WHAT NEEDS TO BE DONE
Pictures in the entries below are excluded; copy only the lines from the one containing "A Ker-Songs együttes" to the one containing "Illustrazione di Lord", both included.

MATERIAL PROVIDED
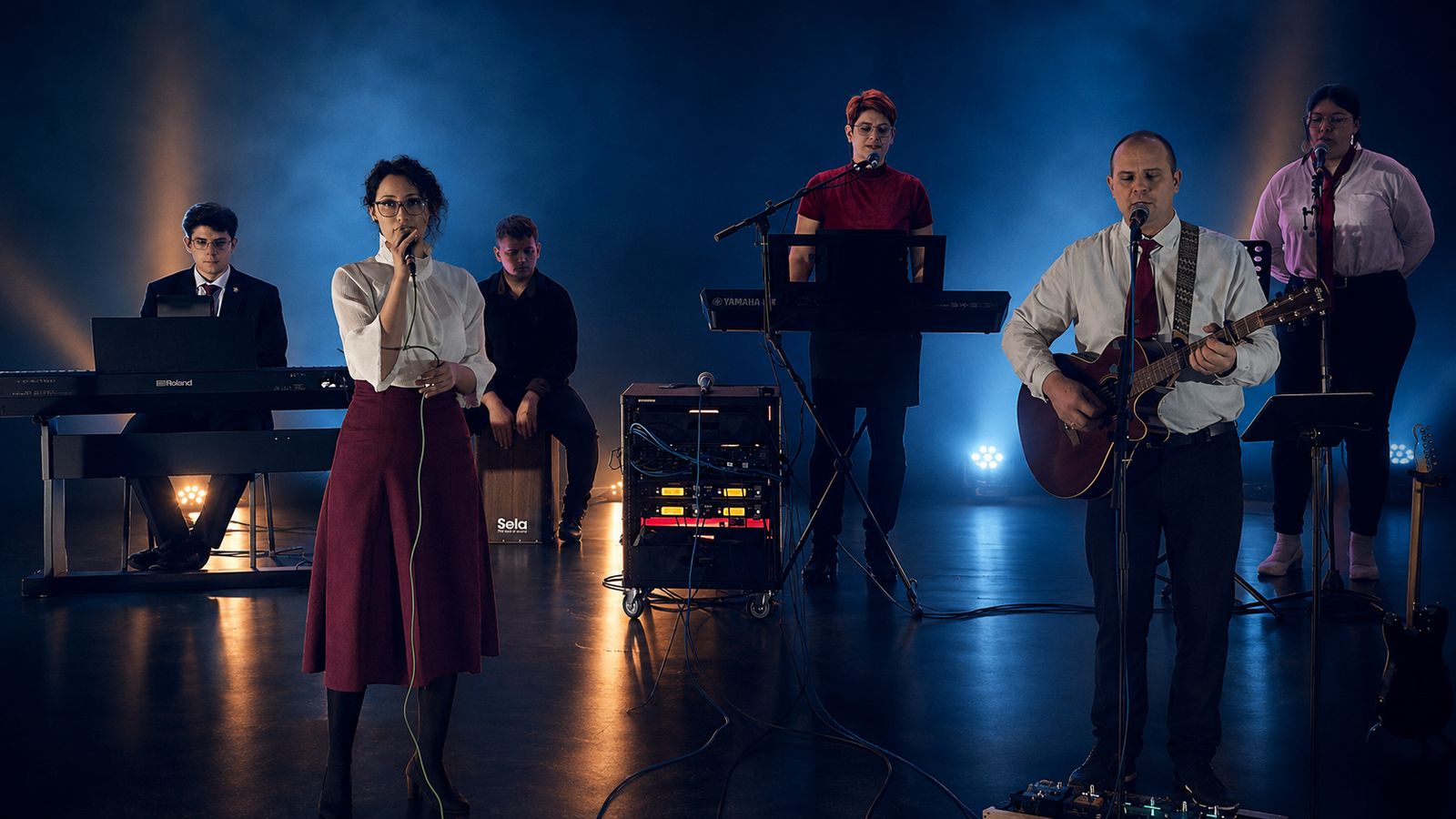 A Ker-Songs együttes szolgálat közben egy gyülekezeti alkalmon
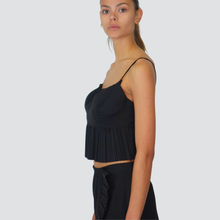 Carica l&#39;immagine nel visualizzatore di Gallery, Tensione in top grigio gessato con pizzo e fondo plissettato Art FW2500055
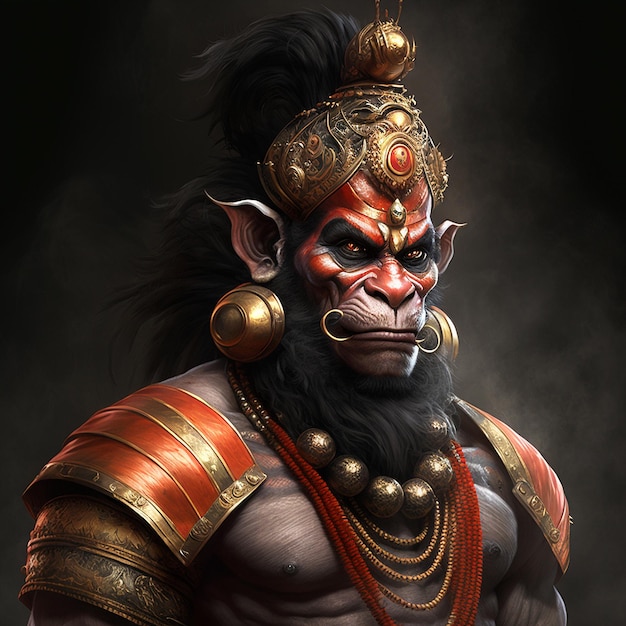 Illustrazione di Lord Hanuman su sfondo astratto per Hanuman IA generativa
---
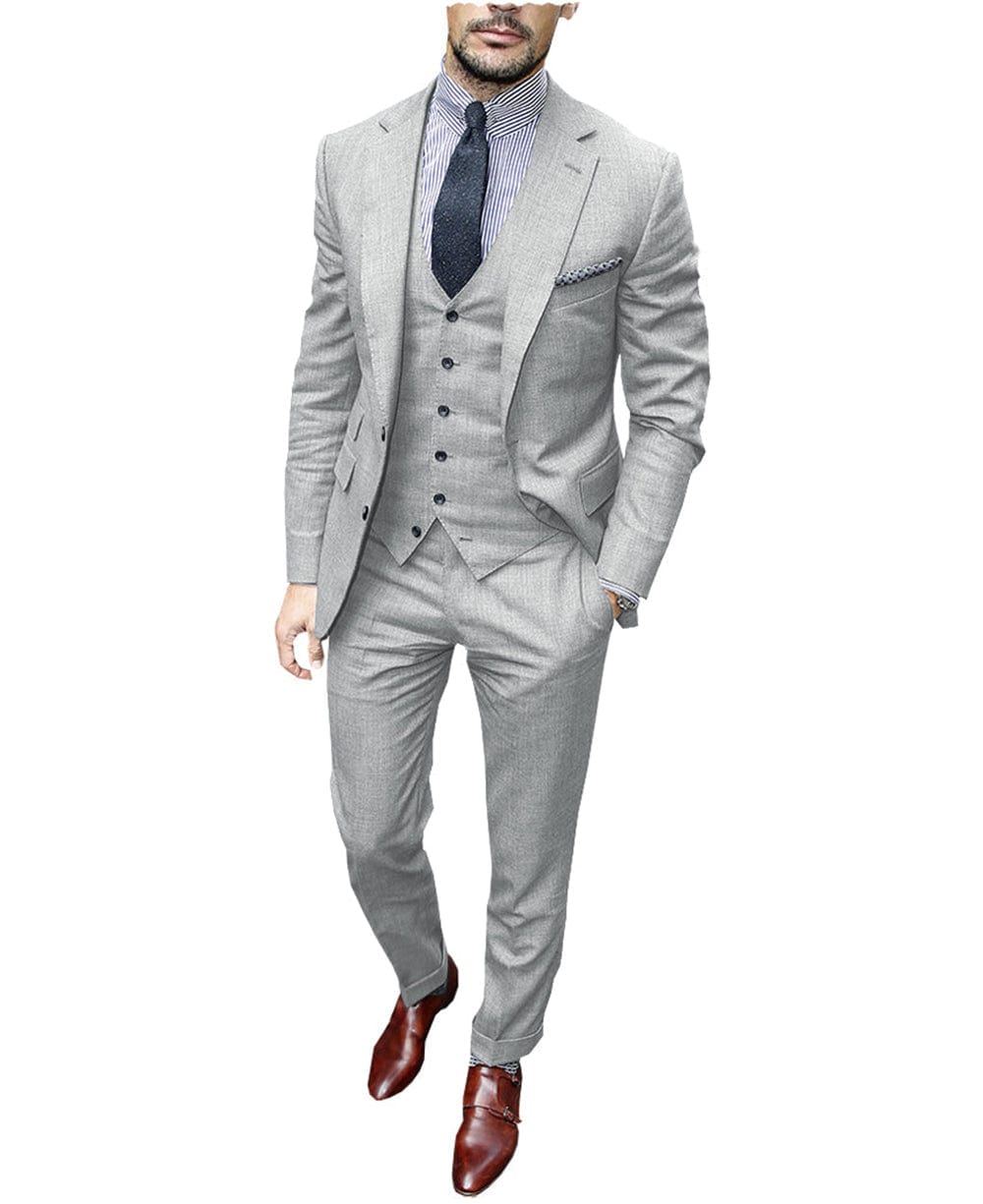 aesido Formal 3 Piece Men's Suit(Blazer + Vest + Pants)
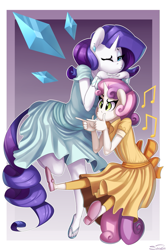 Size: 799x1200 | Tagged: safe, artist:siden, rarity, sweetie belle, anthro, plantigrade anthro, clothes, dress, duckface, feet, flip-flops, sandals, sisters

WRITTEN ANSWER
 A Ker-Songs együttes szolgálat közben egy gyülekezeti alkalmon
 Carica l&#39;immagine nel visualizzatore di Gallery, Tensione in top grigio gessato con pizzo e fondo plissettato Art FW2500055
 Illustrazione di Lord Hanuman su sfondo astratto per Hanuman IA generativa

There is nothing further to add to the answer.